_INSTRUCTIONS FOR THE TASK_. Write out exactly the lines below that run from the one containing "A pair of long" through the one containing "Bedroom with light", both included, with no other lines.

_DATA EXTRACTS_.
────────────────────────────────────────
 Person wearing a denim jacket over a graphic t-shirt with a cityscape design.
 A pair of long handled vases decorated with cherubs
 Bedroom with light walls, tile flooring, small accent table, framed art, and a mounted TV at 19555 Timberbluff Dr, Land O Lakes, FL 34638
────────────────────────────────────────
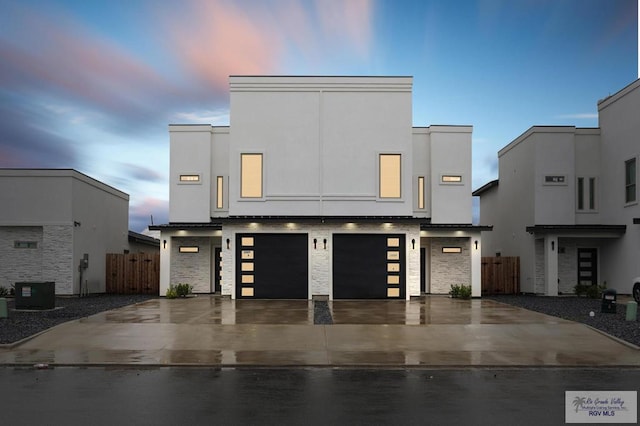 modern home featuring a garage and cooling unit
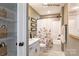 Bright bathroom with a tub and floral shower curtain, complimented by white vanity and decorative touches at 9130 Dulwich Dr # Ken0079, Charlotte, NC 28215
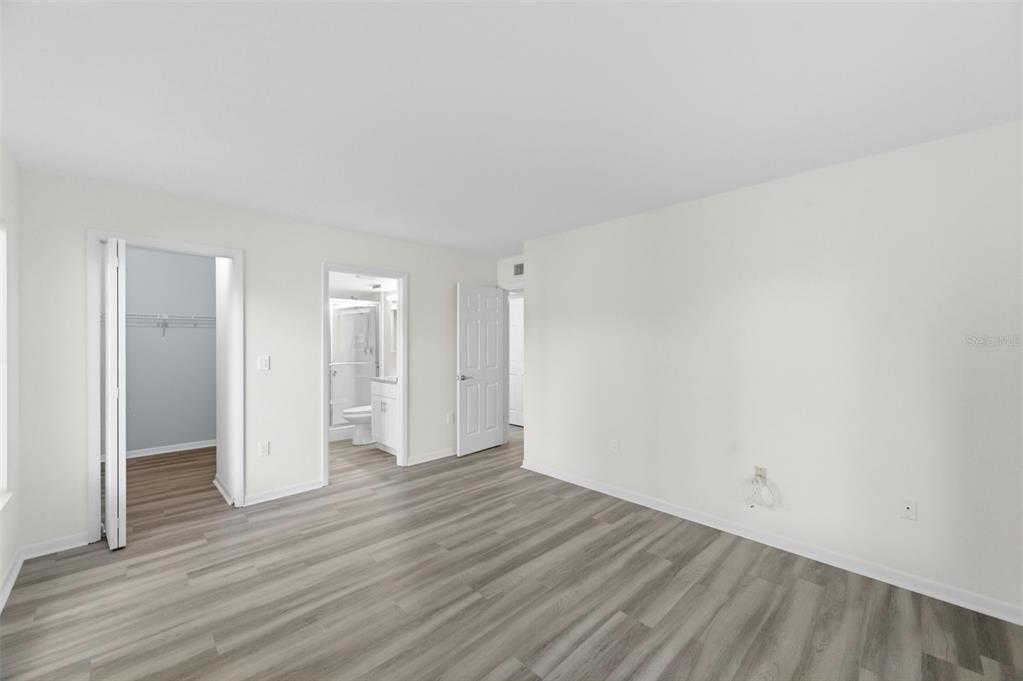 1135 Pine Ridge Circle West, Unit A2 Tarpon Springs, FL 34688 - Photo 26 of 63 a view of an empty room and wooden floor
────────────────────────────────────────
_EXERCISE OUTPUT_.
 A pair of long handled vases decorated with cherubs
 Bedroom with light walls, tile flooring, small accent table, framed art, and a mounted TV at 19555 Timberbluff Dr, Land O Lakes, FL 34638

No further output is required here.